Recently, I began examining the use of Duke University Archives’ digital collections to see what I could find. I quickly found that I was lost. Google Analytics is so overwhelmingly abundant with data, what I’d venture to call a statistical minefield (or ninja warrior obstacle course?), that I found myself in a fog of confusion. Don’t get me wrong, these data sets can be extremely useful if you know what you’re doing. It just took me a while to get my bearings and slowly crawl out of the fog.

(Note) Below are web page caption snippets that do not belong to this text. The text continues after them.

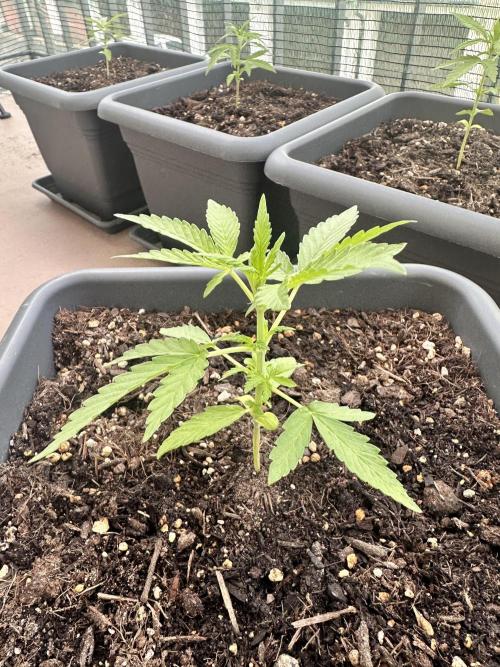 The first one. Week 5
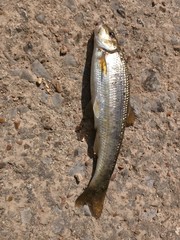 Campostoma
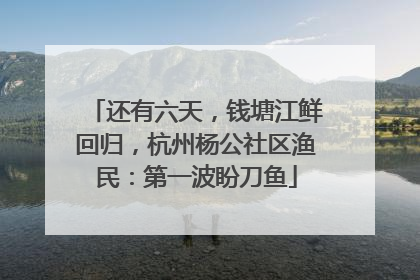 还有六天，钱塘江鲜回归，杭州杨公社区渔民：第一波盼刀鱼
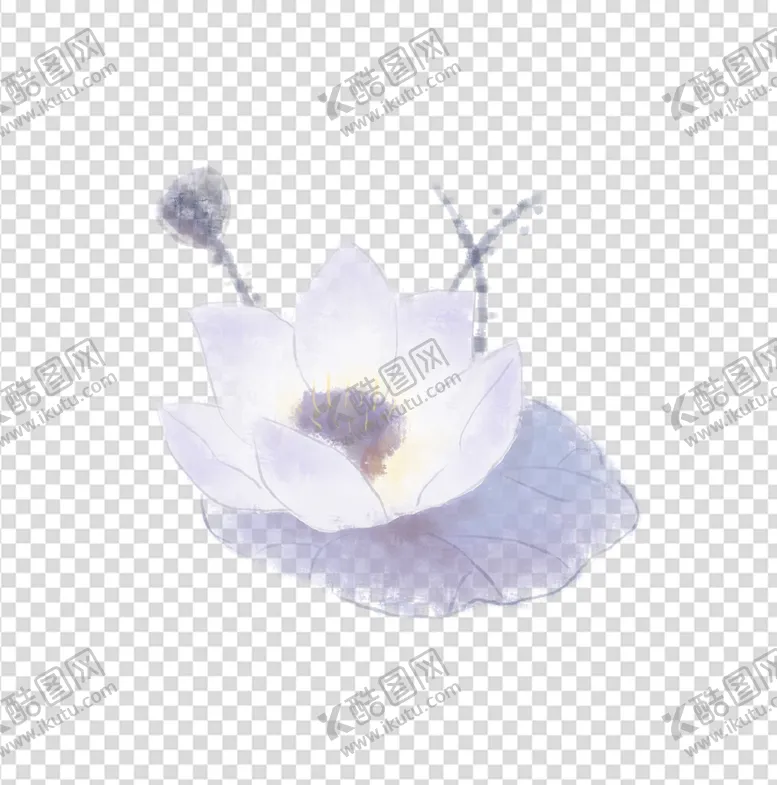 编号：36594209120047599653【酷图网】源文件下载-荷花 莲花 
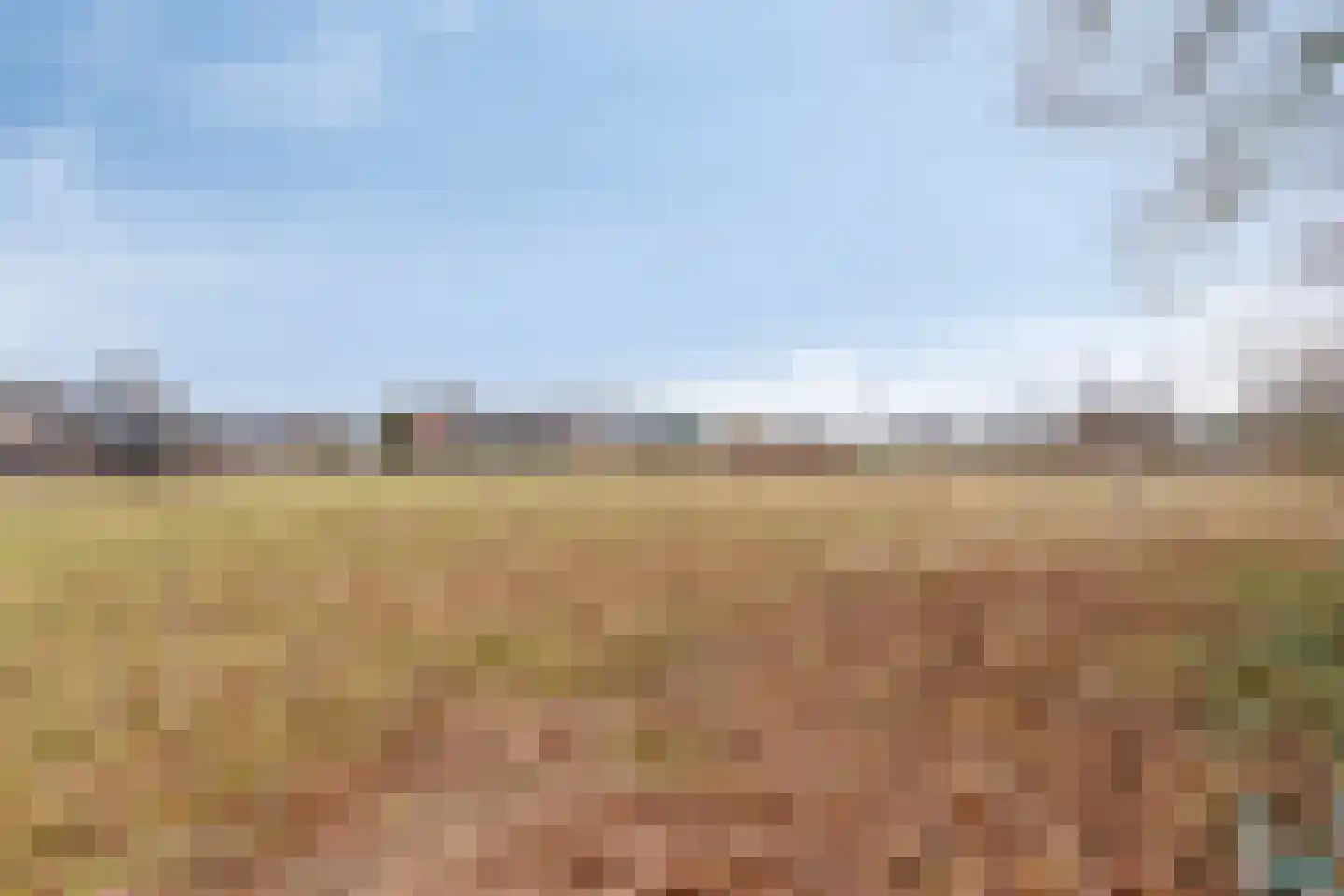 Elsakker 10 Wagenberg thumbnail 45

With that said, if you’re interested in learning more, use every resource available to wrap your head around what Google Analytics offers and how it can help your institution. Google provides a set of tutorials at Analytics Academy. Another site, Lynda.com is a great subscription resource that may be accessible through institutional memberships. Don’t rule out YouTube either. I also learned a lot of the basics from Molly Bragg, my supervisor, who is on the Digital Library Federation Assessment Interest Group’s (DLF AIG) Analytics subcommittee. They’ve been working on a white paper to lay out digital library analytics best practices, which they hope will help steer cultural heritage institutions in the right direction.

In my own experience scouring usage data from the Duke Chapel Recordings collection, I found many rather predictable results: most users come from North Carolina, Durham in particular.

But then there were strange statistics that can sometimes be hard to figure out. Like why is Texas our third highest state for traffic, with 7% of our sessions originating there?

Of Texas’ total sessions, 22% viewed webpages relating to Carlyle Marney’s sermons. For much of the 1970s, Marney was a visiting professor at Duke’s Divinity School, but this web traffic all originated in Austin, TX. Doing some internet digging, I found that in the 1940s and 1950s, Marney was a pastor and seminary professor in Austin. It is understandable why the interest in his sermons comes from a region in Texas that is likely familiar with his pastoral work.

I also found that referrals from our very own Bitstreams blog make up a portion of the traffic to the collection. That explains some of our spikes in pageviews, which correspond with blog post dates. This is proof that social media does generate traffic!

Once that disorienting fog has lifted, and you have navigated the statistical minefield, you might just find that analytics can be fun. Now it doesn’t look so much like a minefield but a gold mine.

Have you found analytics useful at your cultural heritage institution? We’d love to hear from you!